La proposition de faciliter les extraditions vers la Chine populaire pour des incarcérations est inique pour les citoyens hongkongais mais c’est une « normalisation » que l’on pouvait prévoir. Que les dirigeants de Pékin ne puissent plus supporter d’attendre 2047 pour finir la « colonisation » finale de la région autonome n’est pas une surprise, surtout avec le « très grand timonier » qu’est devenu Xi Jinping.
 

À l’issue de la rétrocession de juillet 1997, de nombreux observateurs ont pu penser que les Hongkongais allaient s’intégrer plus ou moins rapidement à la sphère traditionnelle chinoise, en considérant la primauté des activités économiques sur les libertés individuelles, notamment sur l’expression libre.
 

Force est de constater que 22 ans après l’événement historique de 1997, c’est la jeunesse qui se mobilise avec les vieux militants démocrates.
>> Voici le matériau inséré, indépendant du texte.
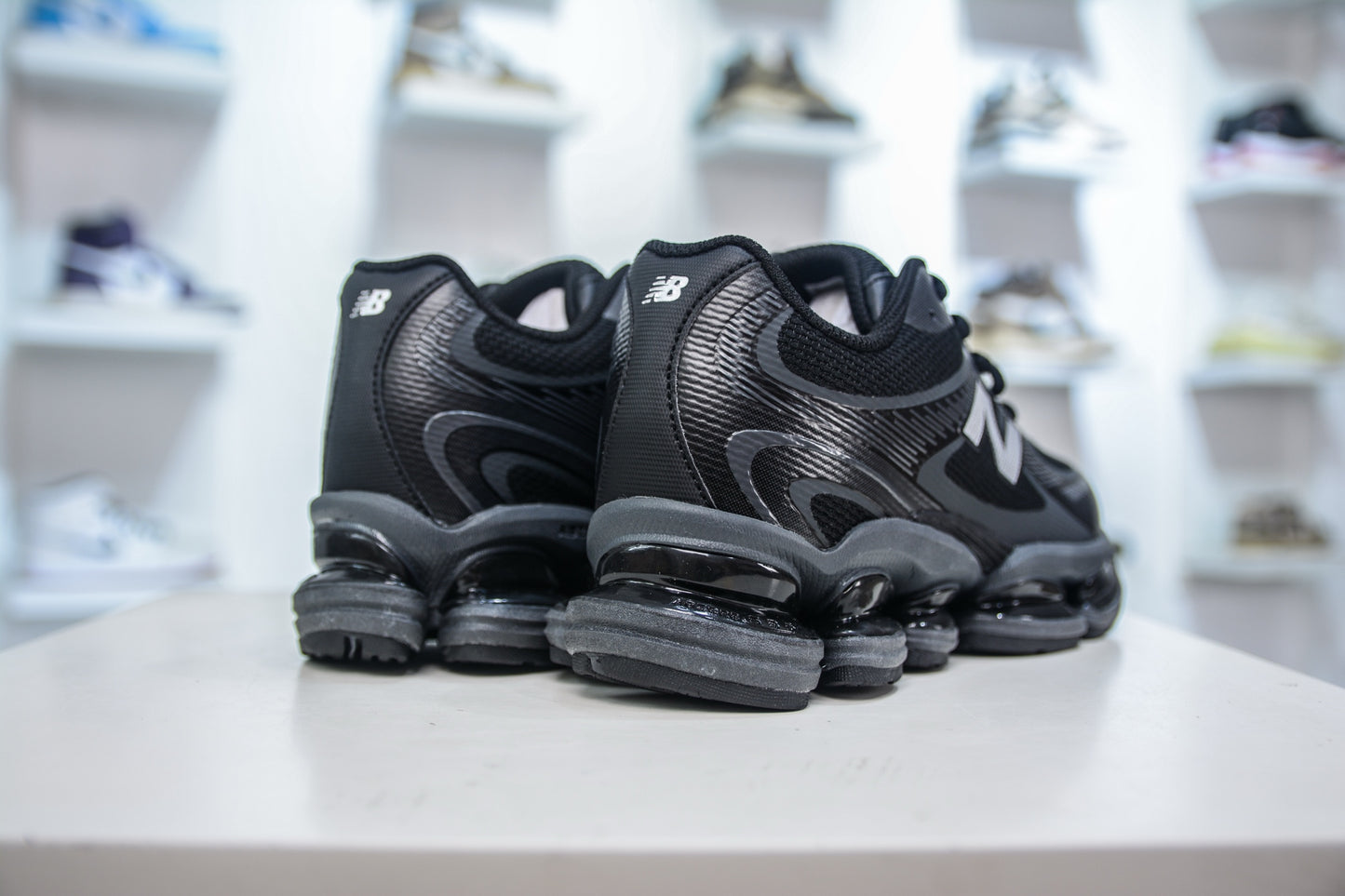 New Balance 2000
Ce qui force le respect et provoque l’admiration est cette résistance jeune et déterminée, qui tranche avec la jeunesse chinoise qui considère l’épanouissement par le seul enrichissement et qui paraît accepter le « contrôle social » par les technologies de surveillance comme un handicap nécessaire pour la jouissance de nouveaux biens matériels. La différence culturelle (et politique) entre ces deux jeunesses est forte. Pour moi, la modernité et l’espoir résident assurément chez ces jeunes Hongkongais qui envahissent maladroitement sans doute le Parlement du territoire de la bauhinia.
 

Ce un souffle me rassure sur la vitalité démocratique de cette modeste parcelle chinoise et met à défaut le dogme d’une grande Chine ne pouvant être dirigée que par un pouvoir autoritaire. C’est aussi et surtout pour cela que les manifestations sont essentielles et que le gouvernement de Xi Jinping voudra étouffer et écraser le mouvement d’expression démocratique avant qu’il ne puisse produire des effets sur le continent et prouver l’obsolescence de la pensée dictatoriale chinoise même maquillée par la technologie et le verbe creux*.
 

Même si je redoute les larmes demain ou après-demain mon cœur bat aujourd'hui pour les manifestants jeunes et moins jeunes à Hong-Kong.

 

* Extraits de l’ouvrage de Xi Jinping (La gouvernance de la Chine) : « La construction in extenso de la société de moyenne aisance » (p. 141)… « La mise en place d’un système d’économie de marché socialiste proposant de faire jouer au marché un rôle fondamental dans la répartition des ressources sous le macro-contrôle de l’État » (p. 87).